____ Data listing

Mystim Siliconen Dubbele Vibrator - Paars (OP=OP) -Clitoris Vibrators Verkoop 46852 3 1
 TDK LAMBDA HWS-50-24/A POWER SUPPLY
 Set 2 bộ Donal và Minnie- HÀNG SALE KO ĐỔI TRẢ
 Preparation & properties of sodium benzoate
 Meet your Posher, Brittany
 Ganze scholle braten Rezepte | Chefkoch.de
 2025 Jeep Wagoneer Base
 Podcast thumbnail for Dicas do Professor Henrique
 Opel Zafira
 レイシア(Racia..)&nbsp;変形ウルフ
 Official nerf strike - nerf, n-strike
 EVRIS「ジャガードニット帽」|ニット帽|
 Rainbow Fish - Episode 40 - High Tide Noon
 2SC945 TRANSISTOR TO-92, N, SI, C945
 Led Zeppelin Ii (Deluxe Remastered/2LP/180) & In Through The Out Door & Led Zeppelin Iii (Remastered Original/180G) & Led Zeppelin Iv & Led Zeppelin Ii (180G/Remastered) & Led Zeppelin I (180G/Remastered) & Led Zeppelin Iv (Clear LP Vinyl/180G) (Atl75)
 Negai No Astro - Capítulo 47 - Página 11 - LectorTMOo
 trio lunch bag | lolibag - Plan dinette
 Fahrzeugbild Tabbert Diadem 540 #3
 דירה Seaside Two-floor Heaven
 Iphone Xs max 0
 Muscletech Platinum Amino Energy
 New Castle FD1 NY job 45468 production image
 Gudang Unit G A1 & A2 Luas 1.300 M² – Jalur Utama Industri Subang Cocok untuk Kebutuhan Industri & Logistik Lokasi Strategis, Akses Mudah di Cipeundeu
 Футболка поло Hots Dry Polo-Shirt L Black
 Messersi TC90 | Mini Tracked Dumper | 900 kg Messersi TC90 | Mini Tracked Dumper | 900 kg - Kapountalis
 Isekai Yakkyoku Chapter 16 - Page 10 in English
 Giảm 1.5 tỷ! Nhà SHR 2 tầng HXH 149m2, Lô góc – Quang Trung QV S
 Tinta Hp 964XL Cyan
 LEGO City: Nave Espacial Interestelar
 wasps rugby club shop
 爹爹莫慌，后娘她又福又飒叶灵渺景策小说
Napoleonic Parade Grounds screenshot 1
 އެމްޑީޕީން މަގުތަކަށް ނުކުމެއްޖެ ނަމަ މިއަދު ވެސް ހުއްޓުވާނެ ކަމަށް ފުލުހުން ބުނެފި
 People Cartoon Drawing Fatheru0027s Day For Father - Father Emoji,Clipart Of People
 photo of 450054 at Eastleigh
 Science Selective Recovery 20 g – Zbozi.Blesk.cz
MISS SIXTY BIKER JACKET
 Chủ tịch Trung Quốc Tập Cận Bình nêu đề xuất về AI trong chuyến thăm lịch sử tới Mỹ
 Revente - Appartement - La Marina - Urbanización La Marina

________

_Exercise aim:_ Beginning with the line containing "2SC945 TRANSISTOR TO-92, N, SI, C945" in the material above, copy every line exactly until you have copied the line containing "Napoleonic Parade Grounds screenshot 1".

_Result below:_
 2SC945 TRANSISTOR TO-92, N, SI, C945
 Led Zeppelin Ii (Deluxe Remastered/2LP/180) & In Through The Out Door & Led Zeppelin Iii (Remastered Original/180G) & Led Zeppelin Iv & Led Zeppelin Ii (180G/Remastered) & Led Zeppelin I (180G/Remastered) & Led Zeppelin Iv (Clear LP Vinyl/180G) (Atl75)
 Negai No Astro - Capítulo 47 - Página 11 - LectorTMOo
 trio lunch bag | lolibag - Plan dinette
 Fahrzeugbild Tabbert Diadem 540 #3
 דירה Seaside Two-floor Heaven
 Iphone Xs max 0
 Muscletech Platinum Amino Energy
 New Castle FD1 NY job 45468 production image
 Gudang Unit G A1 & A2 Luas 1.300 M² – Jalur Utama Industri Subang Cocok untuk Kebutuhan Industri & Logistik Lokasi Strategis, Akses Mudah di Cipeundeu
 Футболка поло Hots Dry Polo-Shirt L Black
 Messersi TC90 | Mini Tracked Dumper | 900 kg Messersi TC90 | Mini Tracked Dumper | 900 kg - Kapountalis
 Isekai Yakkyoku Chapter 16 - Page 10 in English
 Giảm 1.5 tỷ! Nhà SHR 2 tầng HXH 149m2, Lô góc – Quang Trung QV S
 Tinta Hp 964XL Cyan
 LEGO City: Nave Espacial Interestelar
 wasps rugby club shop
 爹爹莫慌，后娘她又福又飒叶灵渺景策小说
Napoleonic Parade Grounds screenshot 1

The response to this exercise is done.